Le grès est une terre à pâte imperméable dans la masse. Découvert en France à la fin du XVème siècle, il était utilisé pour la fabrication de céramique utilitaire (vaisselle) et de tuyaux. Lors de l’Exposition Universelle de 1878, la présentation des grès japonais, associant rusticité et élégance, fut une révélation pour les céramistes français. Jean Joseph Carriès (1855-1894), Ernest Chaplet (1835-1909), Pierre Adrien Dalpayrat (1844-1910), Auguste Delaherche (1857-1940) Edmond Lachenal (1855-?) ou Alexandre Bigot (1862-1927) en firent un usage important, caractérisé par des recherches sur la variété de formes et de décors, et sur les reliefs et les couleurs.

 

Dalpayrat, coupe Calice, Nancy, MEN. Cliché D. Boyer

Alexandre Bigot fut sollicité par Louis Majorelle pour contribuer à la construction de sa maison, la Villa Jika. On lui doit les carreaux décorant la façade, mais surtout deux éléments majeurs du décor: la balustrade de la terrasse Nord, et l’imposante cheminée de la salle à manger.

Alexandre Bigot, cheminée de la salle à manger, villa Majorelle, Nancy. Cliché D. Boyer

 

Le succès de ces artistes influença toute la filière et de nombreuses manufactures proposèrent à leur tour une production de grès ornementaux dans le style Art nouveau. La Société anonyme des produits céramiques de Rambervillers (SAPCR) ne fit pas exception. Cette société, créée en 1887, connut un large succès commercial avec sa production de tuyaux de grès vernissé nécessaires au développement sans précédent de réseaux d’adduction d’eau hygiéniques à travers tout le pays. A partir de 1892, la SAPCR fut dirigée par Alphonse Cytère qui entreprit d’importants travaux de modernisation et d’extension de l’usine. Cytère initia la construction de fours supplémentaires nécessaires à une production de carreaux, dalles de cuisine, pavés de cour, tuiles, briques en grès et produits réfractaires. Après sa visite à l’Exposition Universelle de Paris en 1900, Cytère décida de se lancer dans la production artistique. Dès 1903, la SAPCR exposa le fruit de cette nouvelle production lors de l’exposition de la Société Lorraine des Amis des Arts: vases, encriers, cendriers, et éléments d’architecture en grès à reflets métalliques ou à émail de grand feu. L’influence de l’École de Nancy y est sensible, bien qu’aucun artiste de l’association n’ait, semble-t-il, collaboré avec Cytère.

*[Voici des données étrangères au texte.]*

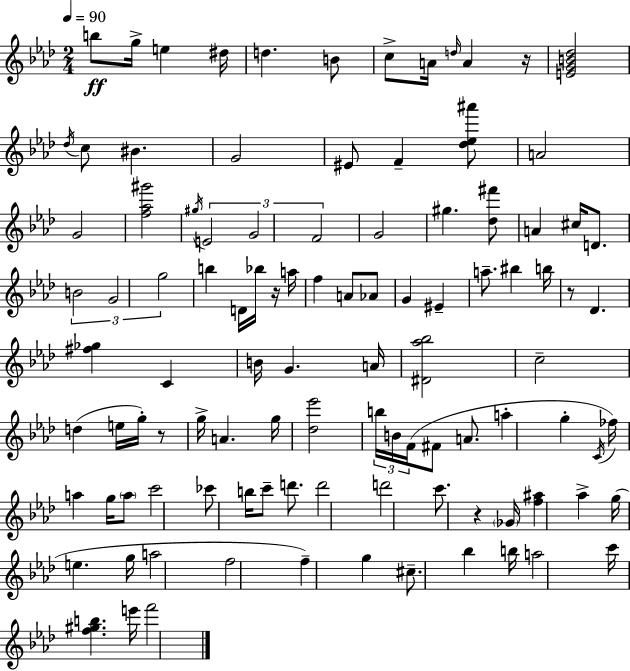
B5/e G5/s E5/q D#5/s D5/q. B4/e C5/e A4/s D5/s A4/q R/s [E4,G4,B4,Db5]/h Db5/s C5/e BIS4/q. G4/h EIS4/e F4/q [Db5,Eb5,A#6]/e A4/h G4/h [F5,Ab5,G#6]/h G#5/s E4/h G4/h F4/h G4/h G#5/q. [Db5,F#6]/e A4/q C#5/s D4/e. B4/h G4/h G5/h B5/q D4/s Bb5/s R/s A5/s F5/q A4/e Ab4/e G4/q EIS4/q A5/e. BIS5/q B5/s R/e Db4/q. [F#5,Gb5]/q C4/q B4/s G4/q. A4/s [D#4,Ab5,Bb5]/h C5/h D5/q E5/s G5/s R/e G5/s A4/q. G5/s [Db5,Eb6]/h B5/s B4/s F4/s F#4/e A4/e. A5/q G5/q C4/s FES5/s A5/q G5/s A5/e C6/h CES6/e B5/s C6/e D6/e. D6/h D6/h C6/e. R/q Gb4/s [F5,A#5]/q Ab5/q G5/s E5/q. G5/s A5/h F5/h F5/q G5/q C#5/e. Bb5/q B5/s A5/h C6/s [F5,G#5,B5]/q. E6/s F6/h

SAPCR, encrier, Nancy, MEN. Cliché MEN

 

Le grand succès de cette présentation le conforta sur cette voie. En 1904, Cytère participa à l’exposition de l’École de Nancy aux Galeries Poirel, avec un ensemble de pièces dessinées cette fois par Majorelle, Gruber et Vallin.

 

Jacques Gruber, vase Ombelle, édité par la SAPCR, Nancy, MEN. Cliché D. Boyer

La SAPCR devint peu après membre de l’Alliance provinciale des industries d’art. L’École de Nancy organisa en 1906 un concours pour la SAPCR, auquel prirent part de nombreux collaborateurs des sociétés d’art lorraines. Les modèles primés furent édités avec la signature de l’artiste et la marque « EN » (École de Nancy) et diffusés, notamment, par les Magasins Réunis d’Eugène Corbin ou le magasin parisien de la SAPCR. Après des débuts difficiles, les pièces décoratives en grès flammé de Rambervillers connurent un succès grandissant à partir de 1909. La Première Guerre Mondiale interrompit la production des grès artistiques, qui reprit brièvement en 1920, mais elle était condamnée à disparaître par un ennemi plus ardent encore: la porcelaine!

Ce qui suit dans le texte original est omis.